I know I will be OK.
This is not how I wanted it or planned it.
I know there are no guarantees in life, and I am keenly aware of that right now.
I do not have to go mental.
But I can be sad.
I know that God is "large and in charge" and I trust Him.
I will continue to look for opportunities to be of service to God and my fellows.
And some day soon I will be singing again.
Just not today.
13 comments:
we all have been here one time ot other,I hope you start sinings real soon.Hugs!
I think thaat you are absolutely right.
I think thaat you are absolutely right.
I wear my emotions on my sleeve. It is hard for me to not show them. Things always ease up, change is the only constant it seems.
did not know you sing, but if you do, please sing again soon
I hear you Mary.
I'm with Scott, I show my emotions too much than I care too, it's hard to hide them a lot of times. I feel bad for you that today has been such a tough day.
"God is large and in charge". Your faith is evident. I wish I had handled my recent emotional breakdown with as much grace and dignity. I'm learning...thank you for showing me how.
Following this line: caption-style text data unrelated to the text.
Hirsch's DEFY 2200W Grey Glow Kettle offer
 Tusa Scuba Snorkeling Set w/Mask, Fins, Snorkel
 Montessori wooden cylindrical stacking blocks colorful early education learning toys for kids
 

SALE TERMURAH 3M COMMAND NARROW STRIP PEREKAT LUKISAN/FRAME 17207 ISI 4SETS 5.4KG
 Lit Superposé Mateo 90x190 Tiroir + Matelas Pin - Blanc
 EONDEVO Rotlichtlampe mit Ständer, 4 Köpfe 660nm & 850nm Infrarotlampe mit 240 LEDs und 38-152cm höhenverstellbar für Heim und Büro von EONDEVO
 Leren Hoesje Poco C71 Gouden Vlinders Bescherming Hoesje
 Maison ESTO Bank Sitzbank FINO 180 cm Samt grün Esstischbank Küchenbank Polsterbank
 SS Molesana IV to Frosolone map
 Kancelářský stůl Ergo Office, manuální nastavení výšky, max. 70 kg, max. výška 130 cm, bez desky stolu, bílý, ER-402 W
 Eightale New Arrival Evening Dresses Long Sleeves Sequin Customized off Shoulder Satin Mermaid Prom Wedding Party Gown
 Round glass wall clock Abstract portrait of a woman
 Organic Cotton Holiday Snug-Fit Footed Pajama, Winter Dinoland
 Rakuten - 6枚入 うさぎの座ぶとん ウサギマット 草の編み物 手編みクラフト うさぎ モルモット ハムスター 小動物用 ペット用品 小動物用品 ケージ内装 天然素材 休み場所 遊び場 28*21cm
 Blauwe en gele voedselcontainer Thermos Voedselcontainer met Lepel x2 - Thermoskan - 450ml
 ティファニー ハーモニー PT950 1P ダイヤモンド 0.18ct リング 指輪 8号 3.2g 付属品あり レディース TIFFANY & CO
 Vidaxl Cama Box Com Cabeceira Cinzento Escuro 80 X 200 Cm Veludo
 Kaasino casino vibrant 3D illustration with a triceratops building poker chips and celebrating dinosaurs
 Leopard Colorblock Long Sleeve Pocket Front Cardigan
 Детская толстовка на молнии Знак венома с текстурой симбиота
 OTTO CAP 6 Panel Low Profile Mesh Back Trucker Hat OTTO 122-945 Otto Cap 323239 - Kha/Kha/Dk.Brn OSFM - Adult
I thought I had already posted a comment.
Oh well.
I like the truthful showing of feelings.
Thanks for talking about staying sober when things are not going well. We know that "God is large and God is in charge". Thanks for sharing your hope. You are not alone.
I appreciate you for who you are and who you share with us (need not be the same person but am glad for both - however you choose to be...).
I wish you growth, happiness and purpose in your pain...
Blessings on you and yours...
MC, I'm just now catching up on blogs. I hope that all will be okay for you. I'm glad that you are honest and not doing the denial "face". Take it easy. God is in charge.